De hecho, desde que entró a la política, Trump a menudo se ha deleitado en reducir a los oponentes que sonaban demasiado ensayados o comedidos.
“Solo palabras”, dijo acerca de Joe Biden cuando el demócrata aceptó la nominación de su partido el verano pasado.
“Son solo palabras, amigos”, dijo Trump de Hillary Clinton durante un debate en octubre de 2016, días después de que se publicó el contenido de la grabación de “Access Hollywood”, con lo que evadió cualquier reclamo sobre sus comentarios y, al mismo tiempo, aseguró que el discurso de Clinton era vacío. “Solo son palabras”.
Como presidente, Trump se benefició a diario de un ejército de defensores en el Congreso y de los medios conservadores que se dedicaron a interpretar sus palabras, a menudo inexplicables, de la manera más generosa posible.
Y desde su época como ciudadano privado, por lo general, Trump ha estado aislado de las consecuencias de sus palabras porque ha dejado que sus socios lidien con ellas.
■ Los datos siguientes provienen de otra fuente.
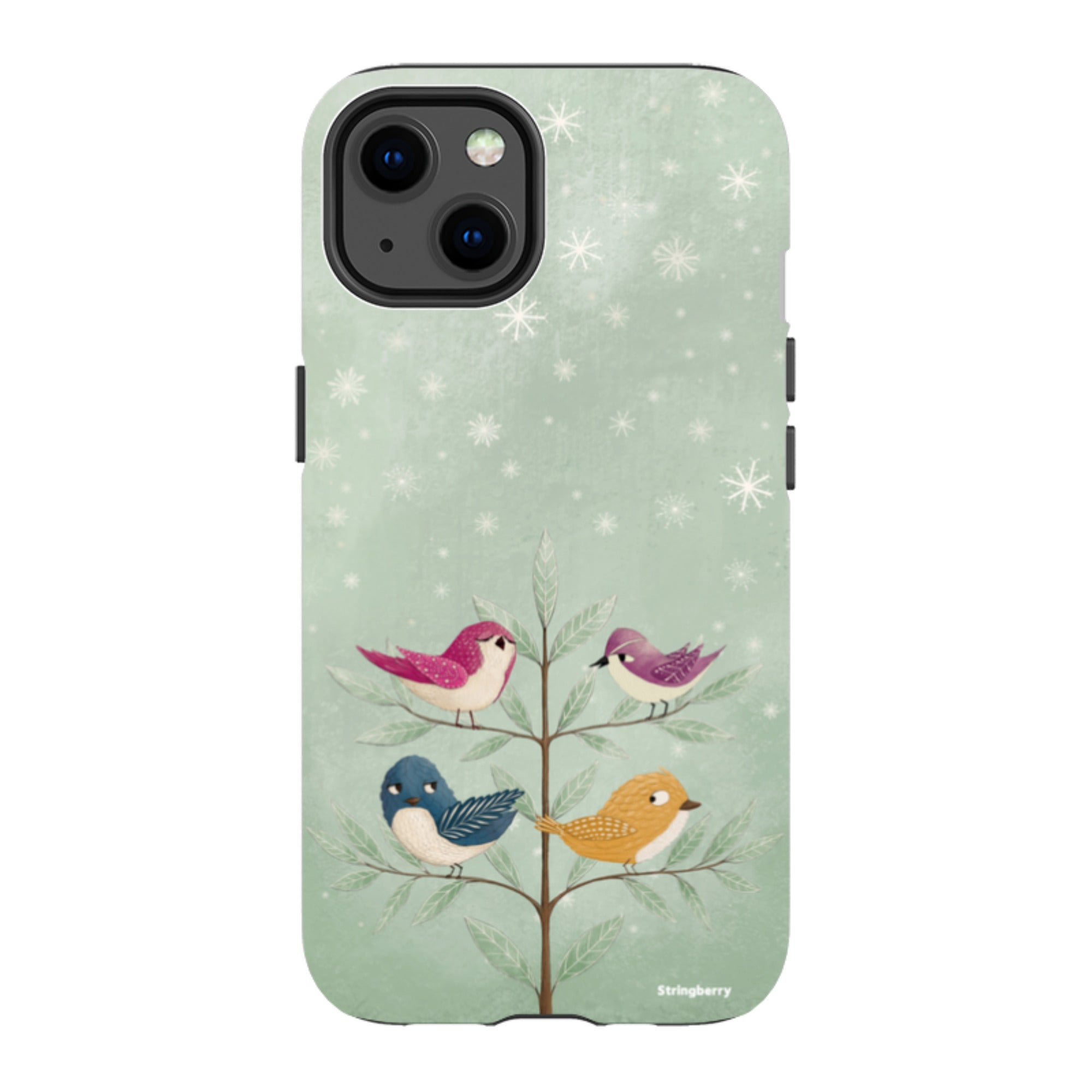 iPhone MagSafe Tough Case - Garden Birds Aqua By Maja Lindberg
Tony Schwartz, quien escribió “Trump: El arte de la negociación” y que en los últimos años se ha convertido en un crítico feroz, dijo que la relativa evasión de las consecuencias por parte de Trump “ha aumentado progresivamente su convencimiento de que puede y debe salirse con la suya en todo lo que hace”.
Entonces no debe extrañar que, desde la semana pasada, como durante gran parte de su mandato en la Casa Blanca, Trump haya demostrado ser capaz de una modulación solo temporal, al mantener su típica actitud desafiante y, a la vez, prestar atención cuando los asesores le insistieron en que podría enfrentar consecuencias legales por sus instigaciones.
El miércoles, en un video, condenó “la violencia y el vandalismo” y aseguró que sus “verdaderos” partidarios son defensores de la ley y el orden; un mensaje dirigido, quizás, a los republicanos del Senado que estaban desconcertados antes de su juicio político.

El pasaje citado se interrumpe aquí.